What are real estate designations, and how are they important? In an effort to distinguish themselves from the pack, many real estate agents list an incredible array of initials after their names. You may see abbreviations such as ABR, CRS, GRI, SRES, or RSPS. At last count, the National Association of Realtors listed over twenty such designations on their website.
Huh? What does all that mean?
First, let’s look at the basic requirements for a real estate license. Then we’ll discuss those added-on initials…
Obtaining a real estate salesman’s license is similar to taking a college semester in contract law. The Texas Real Estate Commission specifies that a real estate salesman must master certain core real estate classes. Topics include contracts, real estate finance, deeds, liens, appraisals, fiduciary duties, ethics, deceptive trade practices, discrimination, statute of fraud, and conveyance of title, among others. A salesman cannot work independently – he must “hang” his license under a cooperating broker, who is responsible for his work. And he must be fingerprinted and background-checked.
Obtaining a real estate broker’s license is more intensive. A broker must have worked actively as a licensed real estate salesperson for several years. In addition, he must complete more extensive core classes plus additional related courses that are acceptable to the Commission. This class work is the equivalent of a college degree with a major in contract law. Clearly, this designation requires serious commitment. National statistics agree – the average real estate broker performs at a significantly higher level than the average real estate salesmen.
Once the license (either salesman or broker) is in hand, it must be updated regularly with additional coursework in law and ethics every year.

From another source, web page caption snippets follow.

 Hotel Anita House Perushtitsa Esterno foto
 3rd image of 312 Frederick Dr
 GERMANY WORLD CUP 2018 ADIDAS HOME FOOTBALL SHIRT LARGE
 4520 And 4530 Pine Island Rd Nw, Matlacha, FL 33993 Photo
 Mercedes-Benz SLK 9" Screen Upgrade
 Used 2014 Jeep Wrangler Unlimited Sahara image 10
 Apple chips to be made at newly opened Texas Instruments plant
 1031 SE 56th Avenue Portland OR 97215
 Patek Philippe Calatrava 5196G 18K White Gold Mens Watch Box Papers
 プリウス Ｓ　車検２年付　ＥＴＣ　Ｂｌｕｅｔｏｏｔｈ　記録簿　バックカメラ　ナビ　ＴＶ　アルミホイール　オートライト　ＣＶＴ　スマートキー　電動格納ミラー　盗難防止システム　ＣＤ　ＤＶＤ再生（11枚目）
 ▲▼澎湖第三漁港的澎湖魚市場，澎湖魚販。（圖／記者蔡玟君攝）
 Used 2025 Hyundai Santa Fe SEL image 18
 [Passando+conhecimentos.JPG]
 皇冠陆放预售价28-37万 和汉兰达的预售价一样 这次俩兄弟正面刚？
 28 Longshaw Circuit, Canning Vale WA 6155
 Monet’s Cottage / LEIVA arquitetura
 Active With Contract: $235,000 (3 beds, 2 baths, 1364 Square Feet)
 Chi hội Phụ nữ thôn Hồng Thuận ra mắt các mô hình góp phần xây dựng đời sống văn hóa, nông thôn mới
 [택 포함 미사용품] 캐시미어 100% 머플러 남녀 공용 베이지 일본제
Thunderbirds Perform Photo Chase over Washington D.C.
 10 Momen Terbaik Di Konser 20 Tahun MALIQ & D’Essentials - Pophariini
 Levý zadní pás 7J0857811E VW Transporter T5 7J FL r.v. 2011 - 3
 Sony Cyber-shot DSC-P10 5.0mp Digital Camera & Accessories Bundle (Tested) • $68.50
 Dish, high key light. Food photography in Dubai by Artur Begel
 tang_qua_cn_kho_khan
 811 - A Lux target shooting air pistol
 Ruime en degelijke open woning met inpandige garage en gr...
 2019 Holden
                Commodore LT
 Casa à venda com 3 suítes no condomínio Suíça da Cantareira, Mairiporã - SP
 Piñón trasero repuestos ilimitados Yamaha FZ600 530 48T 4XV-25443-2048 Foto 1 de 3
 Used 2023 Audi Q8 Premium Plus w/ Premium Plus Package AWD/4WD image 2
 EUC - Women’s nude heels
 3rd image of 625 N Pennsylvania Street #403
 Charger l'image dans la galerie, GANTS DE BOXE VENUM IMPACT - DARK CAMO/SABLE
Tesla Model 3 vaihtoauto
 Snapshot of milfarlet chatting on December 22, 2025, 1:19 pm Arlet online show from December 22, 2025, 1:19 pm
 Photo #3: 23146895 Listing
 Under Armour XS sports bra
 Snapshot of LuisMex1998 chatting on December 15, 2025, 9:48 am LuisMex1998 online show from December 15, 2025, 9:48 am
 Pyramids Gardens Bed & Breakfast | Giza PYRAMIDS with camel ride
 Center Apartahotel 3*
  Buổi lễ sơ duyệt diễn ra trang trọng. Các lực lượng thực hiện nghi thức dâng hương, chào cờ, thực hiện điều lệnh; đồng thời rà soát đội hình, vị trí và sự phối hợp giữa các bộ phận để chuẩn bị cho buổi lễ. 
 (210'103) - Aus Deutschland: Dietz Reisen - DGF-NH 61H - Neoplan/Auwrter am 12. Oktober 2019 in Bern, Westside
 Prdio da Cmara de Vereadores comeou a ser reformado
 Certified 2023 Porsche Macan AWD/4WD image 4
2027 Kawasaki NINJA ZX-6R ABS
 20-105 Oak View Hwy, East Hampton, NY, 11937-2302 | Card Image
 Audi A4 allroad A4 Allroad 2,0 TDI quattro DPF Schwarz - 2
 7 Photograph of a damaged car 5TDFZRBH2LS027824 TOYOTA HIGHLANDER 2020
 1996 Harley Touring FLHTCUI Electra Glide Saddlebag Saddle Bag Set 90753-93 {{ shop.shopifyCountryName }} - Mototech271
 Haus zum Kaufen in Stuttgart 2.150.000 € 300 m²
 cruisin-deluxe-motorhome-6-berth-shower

And that is often where those initials and abbreviations come in. They fill the requirements for continuing education. But be aware that not all real estate designations are equal. Some require hard work and commitment – others are a class, a fee, and a networking group. Most importantly, just because you list yourself as a specialist in senior living, luxury homes, or short sales doesn’t necessarily mean you have actually ever sold one of those properties. It just means you have completed the course.
So remain vigilant and ask questions. Explaining those abbreviations (and making sure they are backed by real-world experience) can be a great interview question in your search for a real estate professional.
As for me, I’ve been taking these update classes for over thirty years now. I guess that puts me in the fifty-second grade. There is no way that will all fit on my business card!